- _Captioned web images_
________________________________________
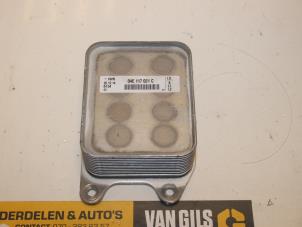 Gebruikte Oliekoeler Volkswagen Passat (3G2) 1.4 TSI GTE 16V Prijs € 45,98 Inclusief btw aangeboden door Van Gils Automotive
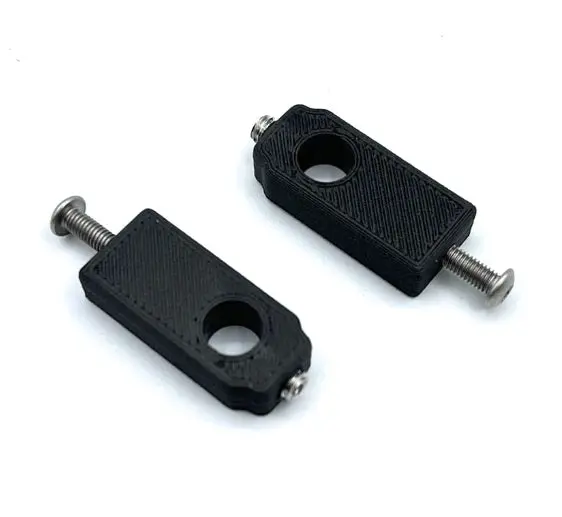 61082 Ae Arb Arm W/ Hardware For Breakout 1
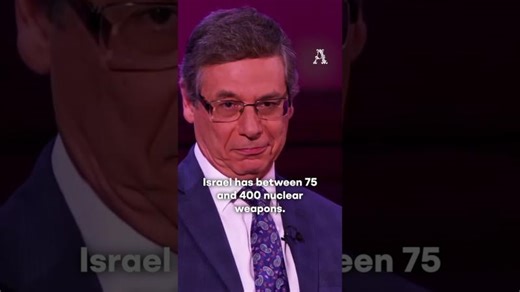 Israel vs Iran: Who is a threat to world peace? | Farhad Rezaee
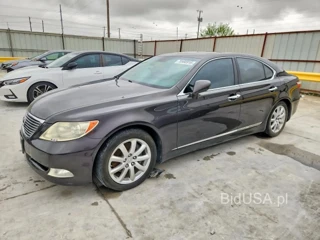 LEXUS LS 460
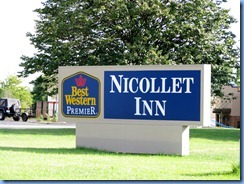 4686 Minnesota - Burnsville, MN - Best Western Premier Nicollet Inn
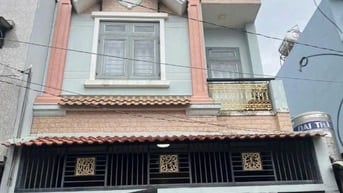 nhà đường lê văn khương q12 . 5.650 tỷ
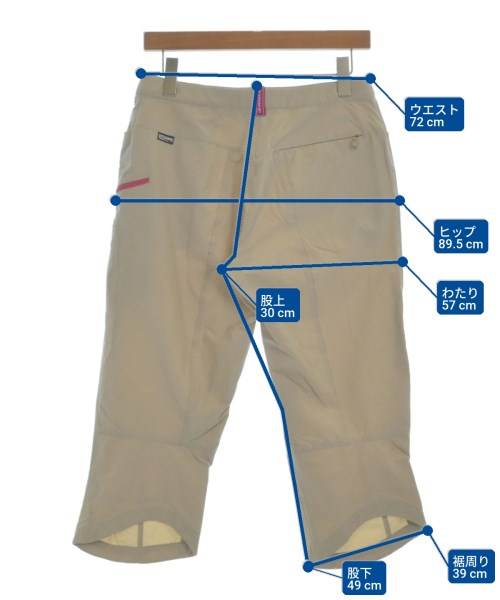 MILLET（ミレー）その他 ベージュ サイズ:M メンズ/2200653970493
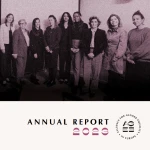 2023 Annual Report of the Alliance for Gender Equality in Europe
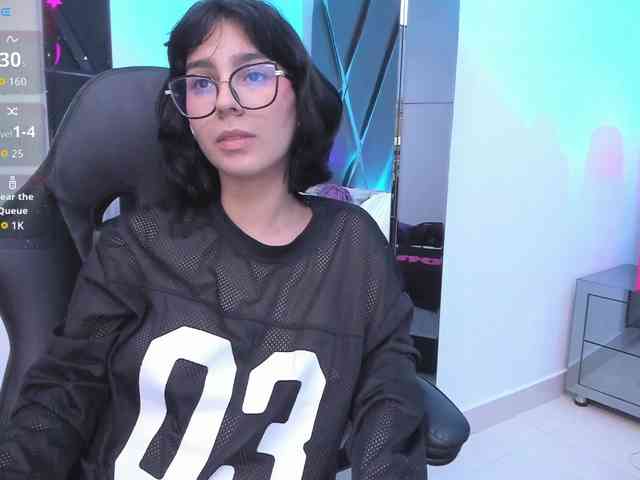 HaniKuspoka webcam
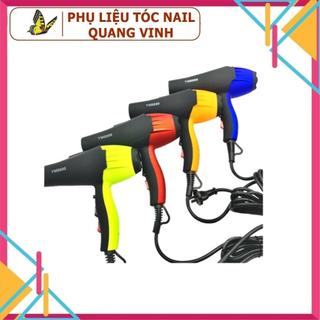 Máy sấy tóc YM9999 siêu mạnh công suất lớn 3000w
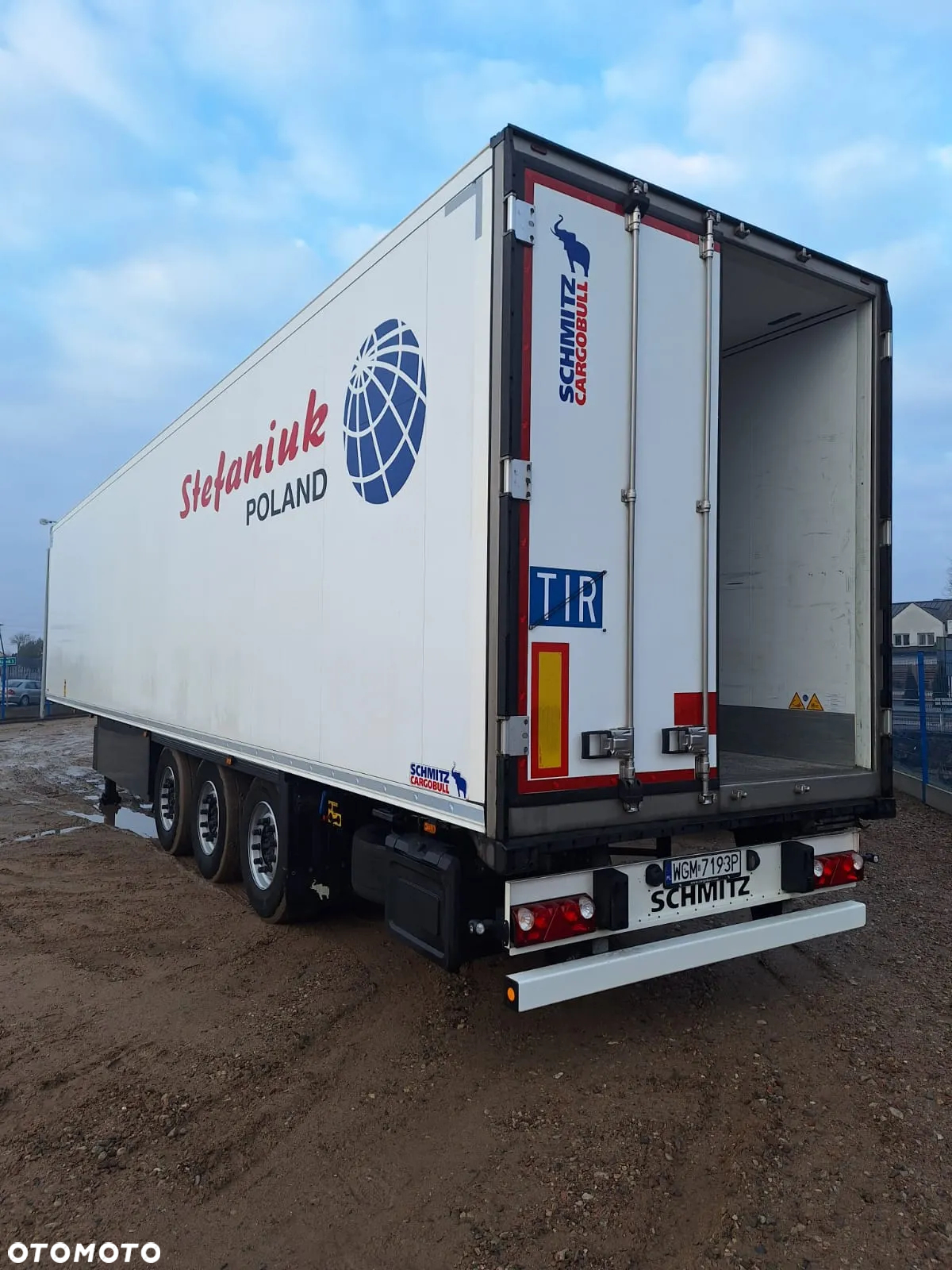 Schmitz Cargobull - 4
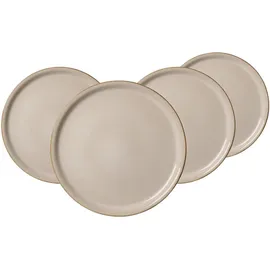 Ritzenhoff & Breker Pizzateller ø 32 cm 4er Set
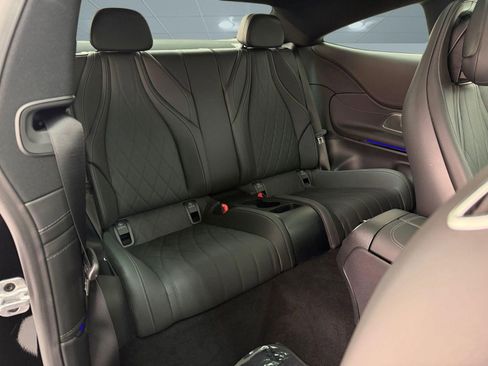 Certified 2025 Mercedes-Benz CLE 53 AMG 4MATIC Coupe image 24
________________________________________
- _TASK OBJECTIVE_
After locating the line with "HaniKuspoka webcam", transcribe it and the rest of the data above exactly as written, without any picture.

- _ANSWER BELOW_
 HaniKuspoka webcam
 Máy sấy tóc YM9999 siêu mạnh công suất lớn 3000w
 Schmitz Cargobull - 4
 Ritzenhoff & Breker Pizzateller ø 32 cm 4er Set
 Certified 2025 Mercedes-Benz CLE 53 AMG 4MATIC Coupe image 24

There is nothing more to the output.